"For our boasting is this: the testimony of our conscience that we conducted ourselves in the world in simplicity and godly sincerity" (2 Cor. 1:12).
Paul was confident that the Corinthians would pray for him and even rejoice in his being their teacher because of the simplicity and sincerity of his ministry among them. Hodge comments that “unless we are conscious of integrity towards others, we cannot be assured of their confidence in us.” Paul knew the Corinthians trusted him and would pray for him because he had given them no reason to do otherwise. Whenever we deal with people in a dishonest way, when we say what we do not mean, when we are insincere, we constantly second guess the actions of others and their responses to us. If we have no integrity in dealing with others, we will question their loyalty to us, and whenever they say something, we ask, “What did they really mean by that?” But Paul was not plagued by such doubts because he had served faithfully and with a single mind. He said and wrote what he meant, and the Corinthians didn’t have to search for double meanings in his writings because he had written with a single-minded purpose.
The sincerity and simplicity of Paul were not mere moral virtues that any person had, but they had been given to him by God, just as God endows all believers with spiritual graces. “There is a specific difference between moral virtues and spiritual graces, although they are called by the same names,” Hodge wrote. “Simplicity, sincerity, meekness, long-suffering, when the fruits of the Spirit differ from the moral virtues designated by those terms, as many external things, though similar in appearance, often differ in their inward nature. A religious man and a moral man may be very much alike in the eyes of men, though the inward life of the latter is human, and that of the former is divine. What Paul means here to say is that the virtues which distinguished his deportment in Corinth were not merely forms of his own excellence, but forms of the divine life; modes in which the Spirit of God which dwelt in him manifested itself.”
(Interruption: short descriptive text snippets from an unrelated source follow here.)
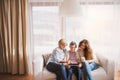 A teenage girl, mother and grandmother with tablet at home. Royalty Free Stock Photo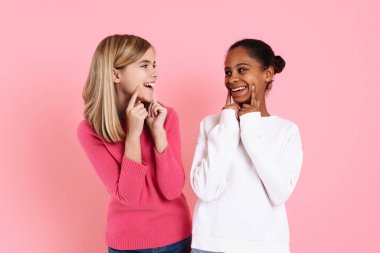 Multiracial two girls wearing sweaters pointing fingers at their smiles isolated over pink wall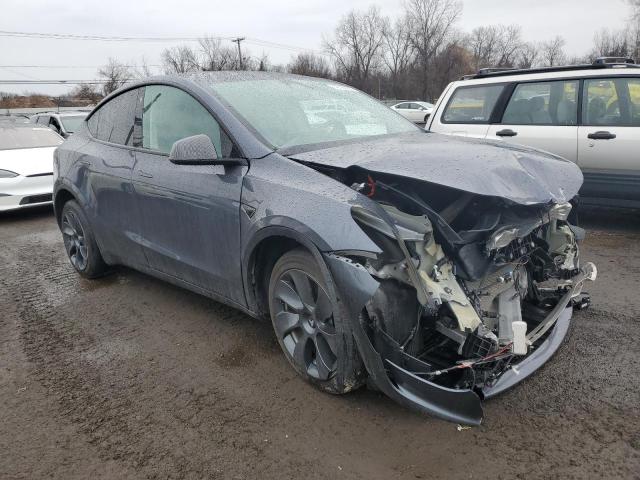 Снимка 4 от търг – 2023 TESLA MODEL Y с VIN 7SAYGDEE1PF684209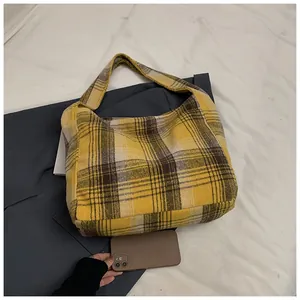 Detail of yellow plaid tote bag on white fabric background with size reference
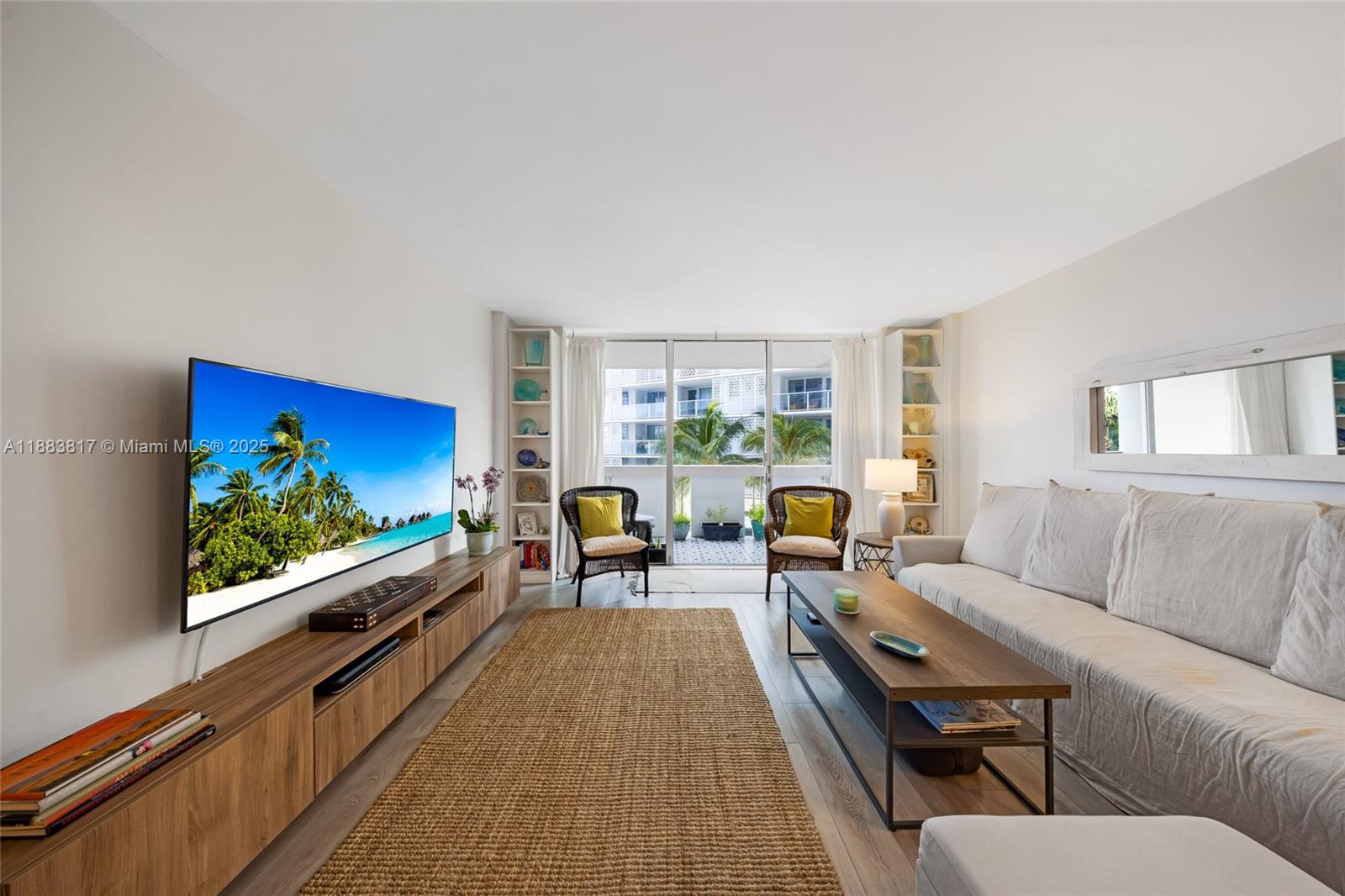 A living room features a large television, a long wooden console, and a balcony view — 800 West Ave # 338, Miami Beach FL 33139, MIAMI BEACH, FL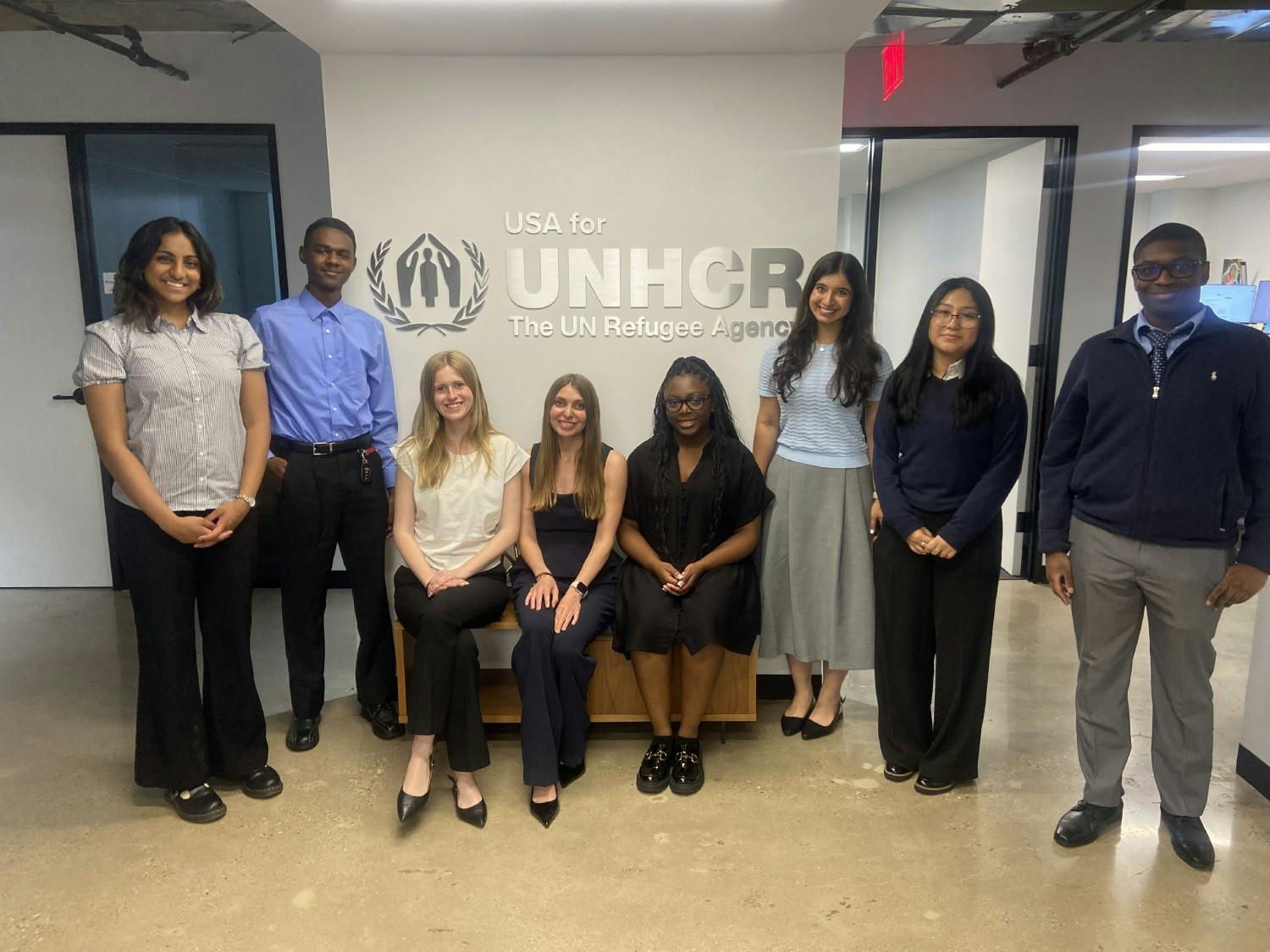 Nine interns, each representing a unique department at USA for UNHCR, celebrate their first day of the program. 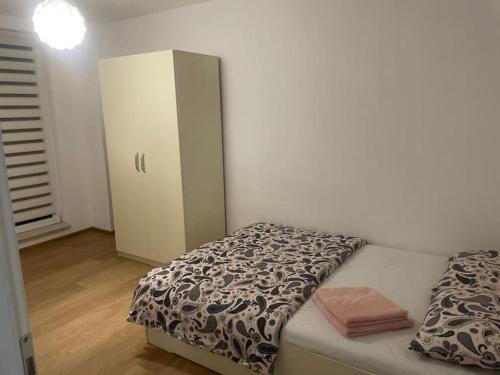 a small bedroom with a bed and a cabinet at Apartament Cluj in Floreşti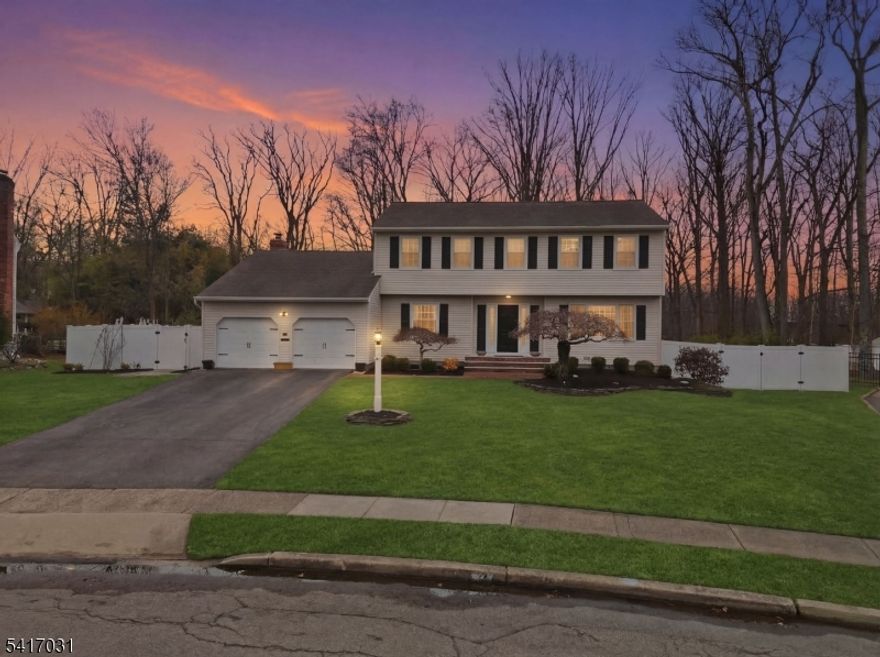Well-maintained Colonial located in the desirable Packanack Lake community, offering a comfortable layout and great space both inside and out. The first floor features a bright living room, formal dining room and a large eat-in kitchen with granite countertops, center island, and sliders leading to the deck. Just off the kitchen is a spacious family room with a gas fireplace and a second set of sliding doors that open to the backyard. The backyard offers plenty of space for entertaining or relaxing and includes a wood-burning fire pit. Upstairs you'll find a large primary bedroom with a walk-in closet and a full bath featuring a soaking tub, double vanity, and separate shower. The second bedroom includes its own full bath, and a third bedroom completes the upper level. The finished basement provides flexible space for a playroom, home office, gym, or recreation area, along with a laundry room and a large storage room. Additional features include two newer HVAC systems, generator hookup, ring camera system monitoring entire property, Lutron smart switches throughout the house, and Cat6 Ethernet wiring throughout the home for improved WiFi coverage. Conveniently located close to Packanack Lake amenities, shopping, major highways, and NYC transportation.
While worldly teachers can be morally virtuous and awe us with their profundities, it is the simple proclamation of the Gospel, the sincerity that comes from above that draws us to Christ and to one another. When our motivations remain pure and sincere, we possess a confidence that eludes the world’s greatest moral teachers.
Being sincere and single-minded is a goal every Christian should possess. But sarcasm, insincerity, and dishonesty hinder us in this development. Throughout the week, make a conscious effort to say what you mean, to put away sarcasm, and to be sincere to all people. Observe how this affects your confidence before others.